This past week I started reading a memoir about a theologian’s life and journey in faith. Early on in the book, the author tells the story about the last night he saw his son before his son committed suicide. Before his son left for an evening with his girlfriend, he had said “Goodbye,” instead of his usual “Goodnight.” The author explains in that moment, he remembered the story of Abraham Lincoln telling his bodyguard “Goodbye” on the evening before his assassination. He writes of wondering in that moment, “Why did I say “good-bye” to Scott instead of “good night”? The foreboding didn’t make sense.” The next morning he found his son dead in his bedroom.

This past weekend my husband and I had the honor of celebrating the marriage of our dear friends as best man and bridesmaid. The evening before the wedding, I was worn out, mildly sleep-deprived, and we still had so much to do. My husband and I decided he would go to the venue and help finish decorating with the others, and I would stay home to finish gluing popsicle sticks to the wedding programs.
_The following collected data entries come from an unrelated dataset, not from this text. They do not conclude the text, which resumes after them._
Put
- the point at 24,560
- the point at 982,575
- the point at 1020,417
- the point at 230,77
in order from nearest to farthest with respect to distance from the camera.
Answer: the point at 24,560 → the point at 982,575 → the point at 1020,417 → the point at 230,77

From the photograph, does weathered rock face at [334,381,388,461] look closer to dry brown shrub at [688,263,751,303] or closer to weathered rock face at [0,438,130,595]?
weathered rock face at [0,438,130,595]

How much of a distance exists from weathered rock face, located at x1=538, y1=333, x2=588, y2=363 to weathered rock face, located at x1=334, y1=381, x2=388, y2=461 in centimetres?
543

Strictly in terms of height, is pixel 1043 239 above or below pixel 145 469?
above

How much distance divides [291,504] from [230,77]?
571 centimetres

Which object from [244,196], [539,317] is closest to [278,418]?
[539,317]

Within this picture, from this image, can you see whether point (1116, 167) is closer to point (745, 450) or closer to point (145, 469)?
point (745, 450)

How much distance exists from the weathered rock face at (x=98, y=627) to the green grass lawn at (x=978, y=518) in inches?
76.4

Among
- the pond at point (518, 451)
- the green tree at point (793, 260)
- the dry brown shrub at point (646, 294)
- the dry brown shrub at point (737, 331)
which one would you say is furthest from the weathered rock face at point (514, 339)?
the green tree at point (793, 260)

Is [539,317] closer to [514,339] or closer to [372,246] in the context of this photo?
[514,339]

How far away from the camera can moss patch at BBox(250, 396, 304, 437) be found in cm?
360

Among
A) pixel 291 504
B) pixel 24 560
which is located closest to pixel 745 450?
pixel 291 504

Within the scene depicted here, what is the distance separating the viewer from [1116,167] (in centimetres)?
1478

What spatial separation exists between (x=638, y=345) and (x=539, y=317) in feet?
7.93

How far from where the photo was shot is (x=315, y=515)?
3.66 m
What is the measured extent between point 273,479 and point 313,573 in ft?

Before he left, he said, “Let me give you one last kiss,” and kissed me. In that moment, like the author’s flitting memory of Abraham Lincoln, I remembered the story in the memoir and watched my husband walk out to the car sure that this was the foreboding moment I would remember for the rest of my life. I was sure he would drive away and die in a car accident or have a brain aneurysm or a ladder would fall on him in just the wrong way.

The fear that this was the last conversation I would share with my husband overwhelmed me and I ran out to the car and told him I was coming with him. I blurted out something about wanting to help and how a bridesmaid should be with the bride and how I could always stay up to glue the programs when we got back home. I didn’t tell him about the fear, the nauseating feeling I had that something terrible would happen.
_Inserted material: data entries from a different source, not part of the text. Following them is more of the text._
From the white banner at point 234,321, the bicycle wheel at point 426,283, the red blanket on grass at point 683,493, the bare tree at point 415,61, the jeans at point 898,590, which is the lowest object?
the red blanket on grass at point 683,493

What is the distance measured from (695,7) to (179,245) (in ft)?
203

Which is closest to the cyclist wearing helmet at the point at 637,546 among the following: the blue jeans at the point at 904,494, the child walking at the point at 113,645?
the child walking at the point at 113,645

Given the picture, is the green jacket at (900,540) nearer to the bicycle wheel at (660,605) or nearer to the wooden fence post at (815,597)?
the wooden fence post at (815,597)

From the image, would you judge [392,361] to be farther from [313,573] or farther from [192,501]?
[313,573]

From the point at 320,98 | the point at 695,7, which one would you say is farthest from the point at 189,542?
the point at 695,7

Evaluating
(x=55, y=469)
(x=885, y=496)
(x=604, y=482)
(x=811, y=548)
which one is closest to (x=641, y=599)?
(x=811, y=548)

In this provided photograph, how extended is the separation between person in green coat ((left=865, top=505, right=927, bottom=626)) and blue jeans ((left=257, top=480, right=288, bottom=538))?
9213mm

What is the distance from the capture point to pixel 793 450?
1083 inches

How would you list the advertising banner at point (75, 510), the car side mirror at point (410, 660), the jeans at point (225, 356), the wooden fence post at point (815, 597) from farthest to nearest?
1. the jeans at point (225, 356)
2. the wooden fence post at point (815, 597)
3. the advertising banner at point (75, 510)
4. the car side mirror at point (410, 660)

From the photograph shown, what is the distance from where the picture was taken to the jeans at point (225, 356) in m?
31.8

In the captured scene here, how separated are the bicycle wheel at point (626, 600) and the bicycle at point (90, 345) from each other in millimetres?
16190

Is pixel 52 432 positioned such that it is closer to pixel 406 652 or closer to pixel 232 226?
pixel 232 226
These days I find myself thinking about death more than I’d like to admit. The thoughts sneak into my mind like a skilled thief, stealing joy and replacing it with fear in one fluid motion. I find myself swirling through the same self-defeating cycle of fearing the future and then doing whatever I can to try to gain some semblance of control. I hear my husband say “Let me give you one last kiss” and I climb into the car next to him because I am afraid he will die if I don’t. I hold everything so tightly my knuckles bleed and I call it protection.

Later, when the fear has subsided and I am able to process my thoughts and actions, I know, deeply know, that I cannot control what happens to the people I love. I cannot protect my husband, my parents, my brothers, my cousins, my friends. No amount of being with them whenever I feel afraid will keep them from death. In these moments, rather than the outspoken megaphone of panic, the quiet voice of helplessness creeps in. I become overwhelmed with the realization that I cannot protect the people I love. Helplessness seems to keep company with me until the next wave of panic hits and the cycle repeats itself again and again and again.

I had nearly resolved to this way of living - panic and fear, helplessness and overwhelm - until I listened to a friend read Psalm 23. Whenever I hear a passage of scripture like Psalm 23, it is easy for me to slip into the familiarity of it, anticipating the next words rather than listening to them. This time, for whatever reason, the passage sounded new as if I had never heard the truth of it so clearly before. It became louder than my fear and my helplessness. The words sounded good and sweet and true, and I rested in them.

In that moment, listening to my friend read the familiar psalm, rest and peace was an easy gift. It is not always so easy, friend. I would be lying if I told you that Psalm 23 calmed all my fears and feelings of helplessness and I haven’t faced a single struggle since then. The truth is that listening to Psalm 23 was like being handed a sword, a generous gift of truth when I needed it, but heavy and awkward in my hands when I learned I had to use it.

With truth in my hands, I do not fear my fear. I do not feel helpless against my helplessness. But I still have to do the hard work of telling myself the truth when it feels so much easier to listen to liars. The liars of fear and helplessness tell me I can only depend on myself to protect the people I love, that God does not care about the deaths of my family members, that He will let the people I love die to teach me a lesson because he is cruel and angry. The truth is that the Lord is good and a sure foundation, his faithful love pursues me, I will fear no evil, He comforts me, He is with me.

When fear and helplessness show up at my door, I look them in the eyes and I tell them what I know to be true even as I am learning to believe it myself. I am ready for them, sword in hand. “The Lord is my shepherd; I have what I need.”